The placard should also displays the manufacturers recommended tyre sizes.
Tyre pressures should be checked when the tyre is ‘cold’, as the tyre warms up the pressure increases. Try to ensure that pressure gauge is an accurate one,
Take the “cold” reading and check them against the recommended tyre pressures from your placard.
Heavy loads or towing puts an extra strain on your tyres. So if your vehicle is fully loaded with passengers and luggage, the general rule is to add 4psi.

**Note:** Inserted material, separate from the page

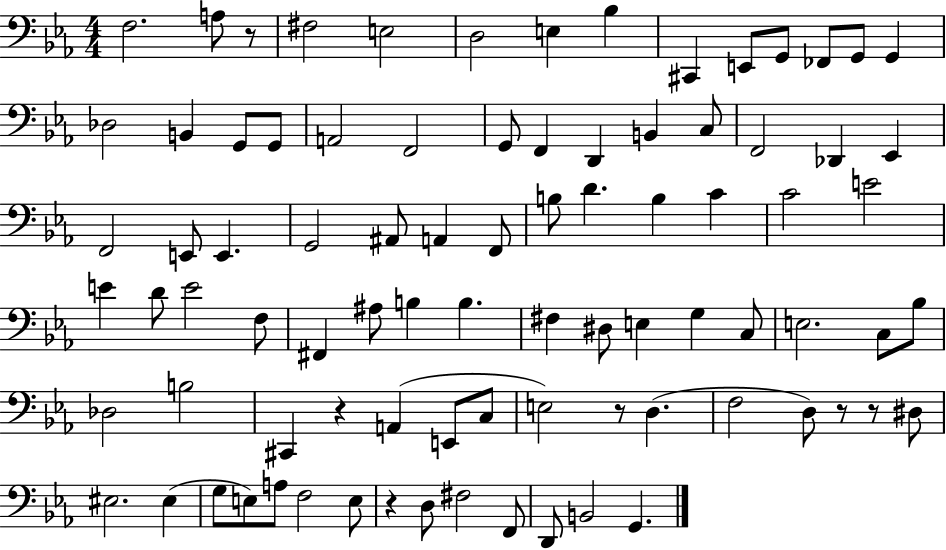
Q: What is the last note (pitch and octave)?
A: G2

Believe it or not, checking your tyre pressure can have a big impact on our environment. 20% of the fuel consumed by your vehicle can be attributed to rolling resistance from your tyres. An under-inflated tyre creates more rolling resistance and therefore more fuel consumption. By keeping your tyres inflated to their proper levels, you can help maximise your car’s fuel economy and minimise its impact on our environment. Most tyre manufacturers have started developing different rubber compounds with the aim of reducing rolling resistance. The key is to do this without sacrificing grip levels and consequently safety. Michelin has been at the forefront of this technology since its first ‘Energy’ tyres in 1992 and now with the “Total Performance’ range incorporating the fuel savings with very high performance levels.